MPs were outraged that a public servant was assisting Mr Anschutz, who gave John Prescott a cowboy outfit after entertaining him at his ranch.
The disclosure plunged the race for Britain’s first super-casino into further controversy and raised fresh concerns over the close links between Greenwich Council and the entertainment firm. It fuelled suspicions that the bid for a Las Vegas-style casino at the Dome is a done deal – despite seven consortiums competing for the licence.
Building work for the casino at the Dome site – renamed the 02 – is already under way. Even the head of the panel who will recommend which bid should win yesterday admitted the process was one-sided.
At a public hearing into the Greenwich bid, Casino Advisory Panel chairman Professor Stephen Crow said there should have been more people objecting to the complex.

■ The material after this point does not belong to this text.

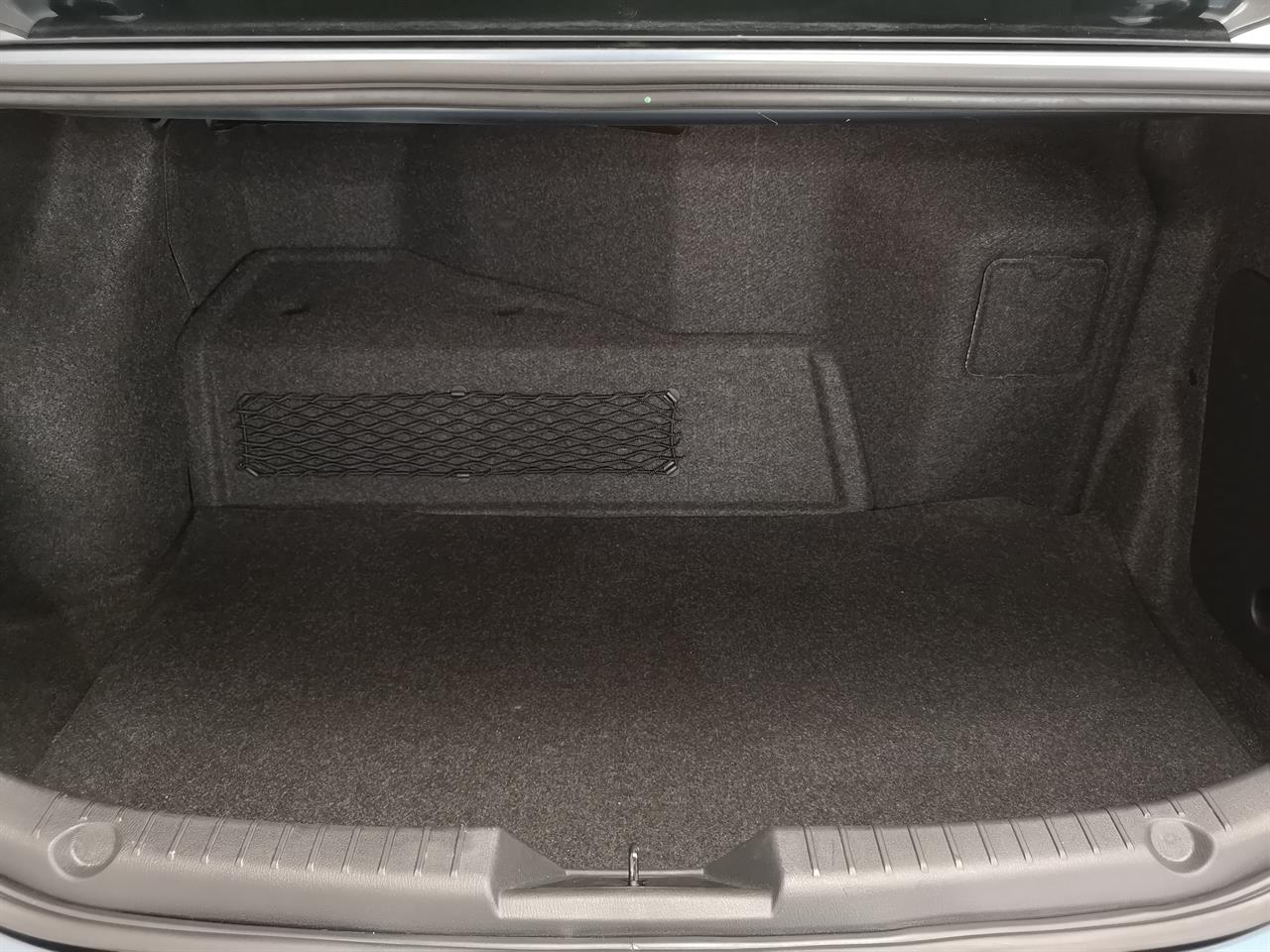2015 Mazda Axela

While the Anschutz Entertainment Group and Greenwich Borough Council were fully represented – along with a range of local development agencies all backing the bid – just one person, local Anglican leader Malcolm Torry, put the case against it.

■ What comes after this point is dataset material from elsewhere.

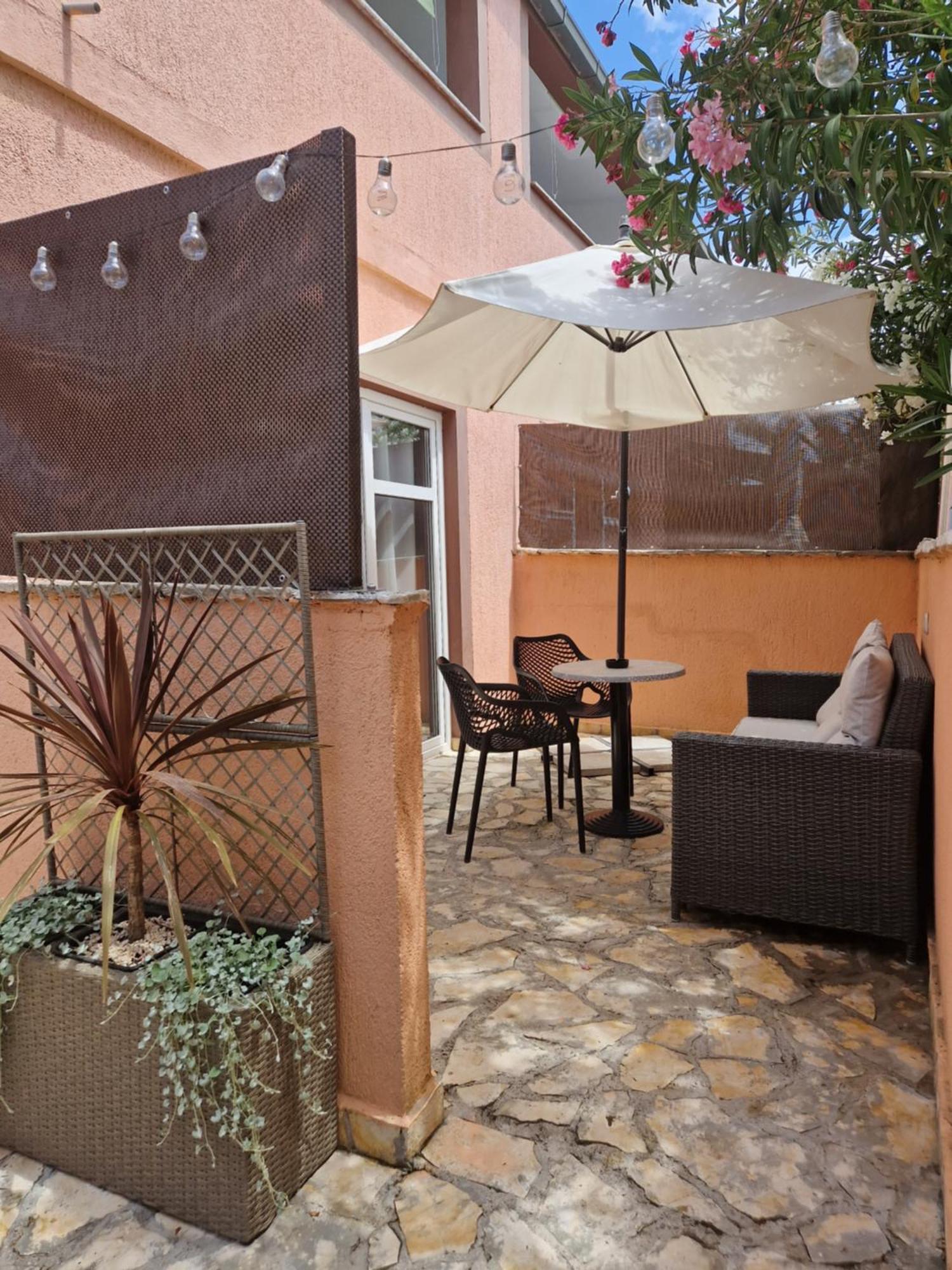 Aurelia Apartments, Vir Exterior foto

He pointed out that while a new casino would generate jobs, many local ethnic minorities would not want them because they oppose gambling on religious grounds. A few seats allocated by the panel to dissenting voices remained empty, including those for the Salvation Army, the CASE campaign against casino expansion and two members of the public who has asked to be present.

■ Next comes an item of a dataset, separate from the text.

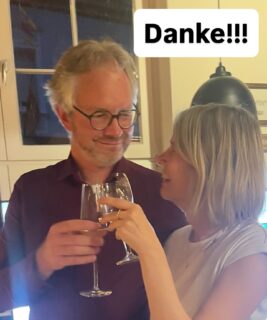 Mit gut 60 % wurde ich gestern Abend deutlich als Bürgermeister unserer Gemeinde bestätigt und darf damit auch in den kommenden 5 Jahren die Entwicklung von Wachtendonk und Wankum aktiv gestalten.
Für dieses große Vertrauen bedanke ich mich von Herzen bei allen Wählerinnen und Wählern, bei all denen, die mich aktiv unterstützt haben (insbesondere meiner Familie), beim mich unterstützenden Wachtendonker Bürgerverein (@wbv.wachtendonk ), aber auch beim ganzen Team der Gemeindeverwaltung und allen Wahlhelferinnen und Wahlhelfern.
Lasst uns gemeinsam an einem Ort arbeiten, an dem wir uns auch in den kommenden Jahrzehnten „Zuhause“ fühlen können.
Ihr Bürgermeister
Paul Hoene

Opposition critics dismissed the hearing as a ‚mockery‘, and demanded proper local consultation to restore some credibility.
The one-sided meeting came after the revelation that the woman who ‚faked‘ a letter of support from local religious leaders used to work as a tourism officer for Greenwich council before being hired by AEG. Rosa D’Alessandro’s letter provoked the anger of local Christian, Muslim, Sikh and Jewish leaders and forced AEG bosses into a humiliating apology.
MPs demanded an open investigation into whether council chiefs have broken conflict of interest rules by working hand in glove with AEG.
In the latest development, AEG and Greenwich Council admitted that an unnamed official works three days a week at the entertainment com-pany’s luxury offices in Canary Wharf, but is still paid by the local authority.
They refused to say whether the individual was a man or a woman or how long he or she had worked there.
Tory MP for Monmouth David Davies, who has called for a probe into the links between Greenwich Council and AEG, said: ‚It is absolutely outrageous that the hard-pressed council taxpayers of Greenwich are funding a recruiting sergeant for John Prescott’s cowboy friend Philip Anschutz. Whatever next? Will they try to hire Tessa Jowell as a roulette wheel hostess?‘
Tory culture spokesman Hugo Swire said: ‚We were promised an open and transparent investigation, yet every day there are fresh revelations about the way the awarding of the contract is being handled.
‚It is time for Tessa Jowell to come out of hiding and tell us how she intends to restore any shred of credibility to this flawed process before it is too late.‘
Greenwich Council and AEG both insisted there was nothing wrong with an official working at the firm because it was part of a scheme to find ‚local jobs for local people‘.